Lemma: The probability that a random string $s \in A^n$ is in $L^k$ is at most
  $$\sum_{n_1 + \cdots + n_k = n} p(n_1) \cdots p(n_k).$$

Proof:
For a given $s \in A^n$, $s$ is in $L^k$ if and only if we can write $s = s_1 s_2 \cdots s_k$ for some $s_1, s_2, \dots, s_k \in L$. Equivalently, $s$ is in $L^k$ if we can find some $0 \leq n_1, n_2, \dots, n_k \leq n$ with $n_1 + \cdots + n_k = n$ such that when we break the string $s$ into parts of lengths $n_1, \dots, n_k$, yielding respective parts $s_1, \dots, s_k$, then each $s_i$ is in $L$. Now, for random $s$, and a fixed choice of $n_1, \dots, n_k$, the parts of the resulting partition $s_1 s_2 \dots s_k$ are independent and such that $s_i$ is uniformly distributed in $A^{n_i}$, so the probability that this partition has $s_i \in L$ for each $i$ is clearly $p(n_1) \cdots p(n_k)$. The desired upper bound then follows from a union bound.

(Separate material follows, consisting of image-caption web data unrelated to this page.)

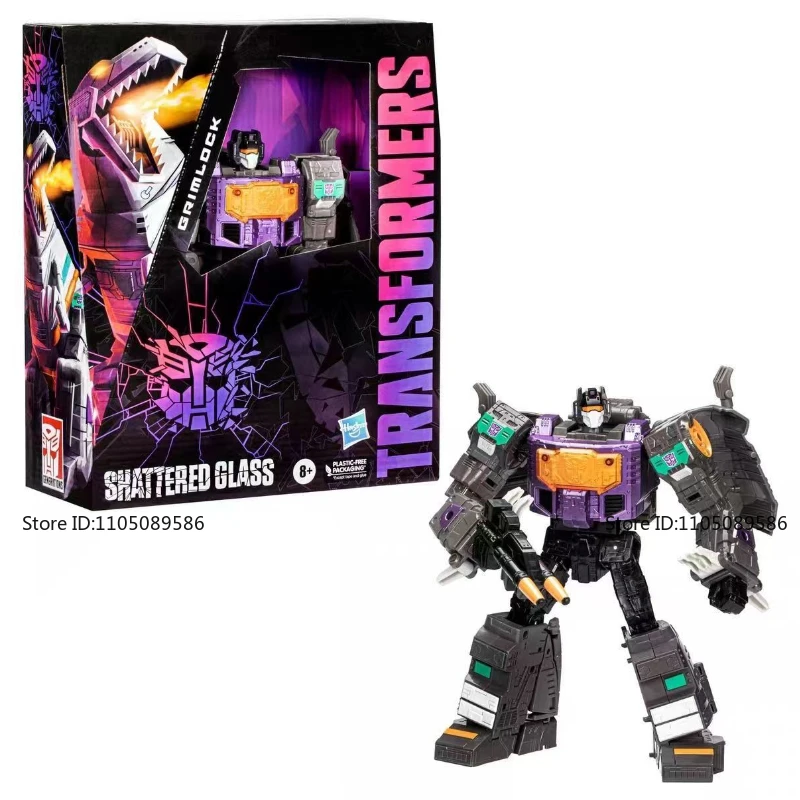 العلامة التجارية الجديدة في الصندوق الأصلي محول G1 Grimlock عمل أرقام استوديو الديكور الشكل الحلي لعبة روبوت هدايا العيد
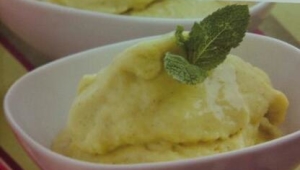 HELADO LIGERO DE MANGO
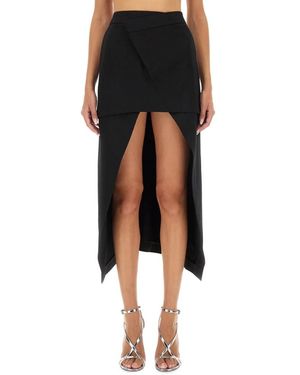 McQueen Short Skirts - Negro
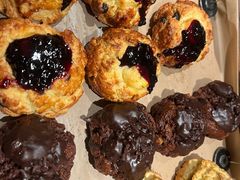 蓝莓酱黄油司康-B&C黄油与面包·THE GARDEN BAKERY概念店(世纪汇店)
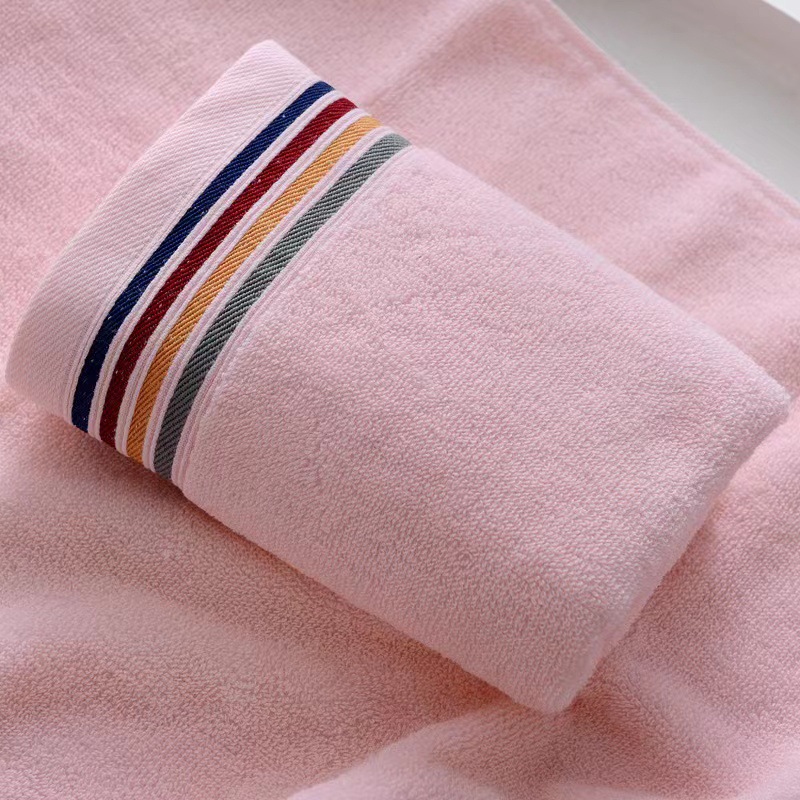 Towel Cotton Wholesale Cotton Household High-End Gift Covers Gift Box Thickened Absorbent Embroidery Logo 100% Cotton Towel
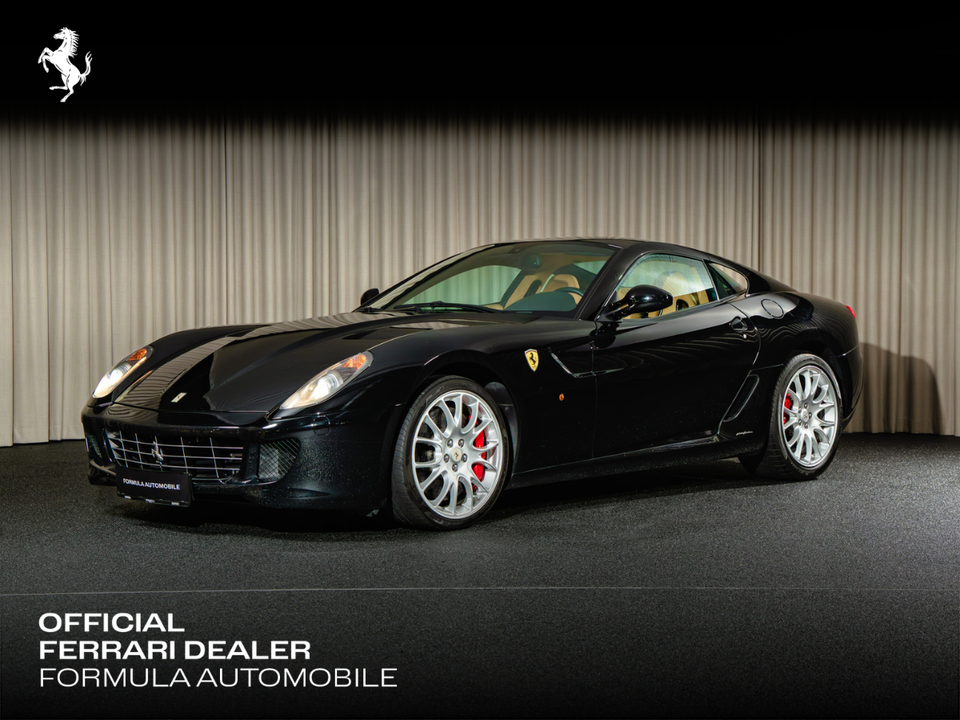 Ferrari 599 6,0 GTB Fiorano F1 2d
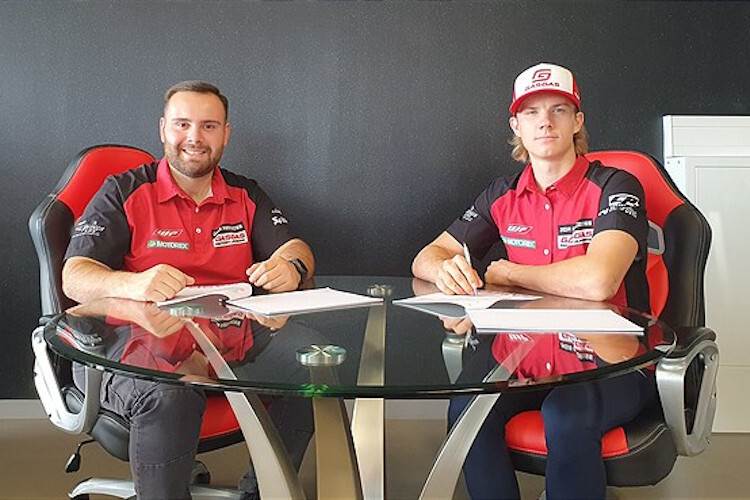 Justin Amian und Isak Gifting sind sich einig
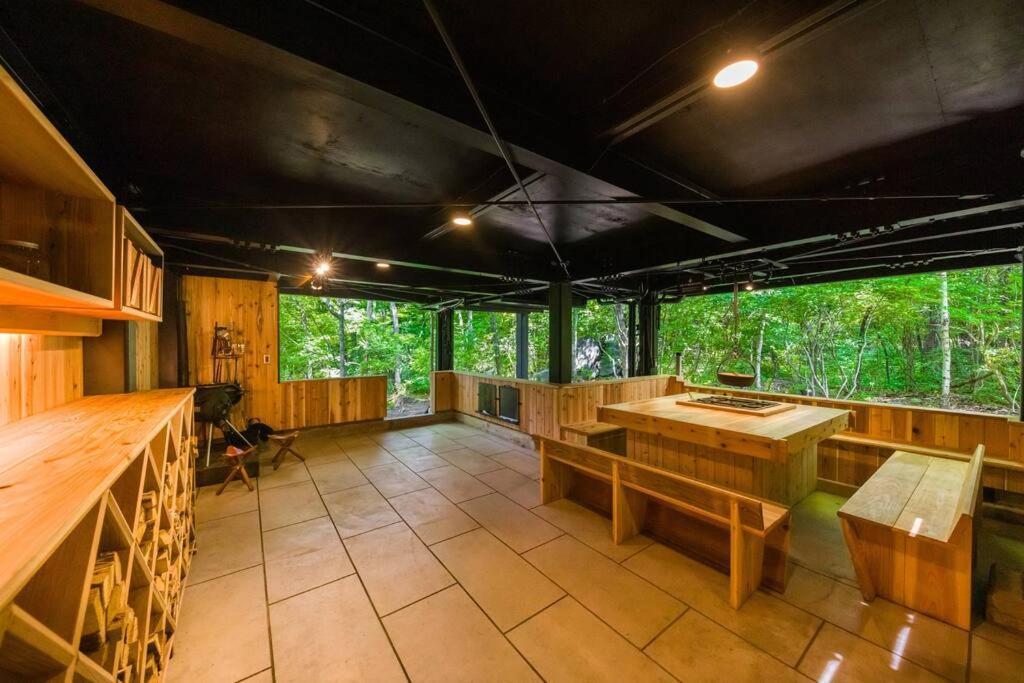 ロックフォレスト北軽井沢 Villa Exterior photo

Proposition: If $L \subset A^*$ is such that $|L \cap A^n| = o(|A|^n n^{-k})$, then $L$ is not a base of order $k$.

Proof:
The given condition means that $p(n) = o(n^{-k})$. In particular, there is some $N > 0$ such that $p(n) \leq (2k^k)^{-1} n^{-k} = (2(kn)^k)^{-1}$ for all $n \geq N$. Now consider the probability that a random string $s \in A^{kn}$ is in $L^k$, for $n \geq N$. In any term $p(n_1) \cdots p(n_k)$ from the bound in our lemma, at least one $n_i \geq n$, hence $p(n_i) \leq (2(kn)^k)^{-1}$, and all other $p(n_j) \leq 1$, hence $p(n_1) \cdots p(n_k) \leq (2(kn)^k)^{-1}$. Summing over all terms, since there are at most $(kn)^k$ terms, we have that the probability that $s$ is in $L^k$ is at most $1/2$. This means that $A^{kn} \setminus L^k$ is nonempty for arbitrarily large $n$, so $L$ is not a base of order $k$.
Thus if $|L \cap \bigcup_{i=0}^n A^i| = |A|^{n/k + O(1)}$, then clearly $|L \cap A^n| = |A|^{n/k + O(1)} = o(|A|^n n^{-k})$, so $L$ cannot be a base of order $k$. This means there are no thin bases of order $k$.
Note: With a bit more work you can strengthen this to show that when $p(n) = o(n^{-1 + (1/k)})$, the bound from the lemma is $o(1)$, so the conclusion still applies.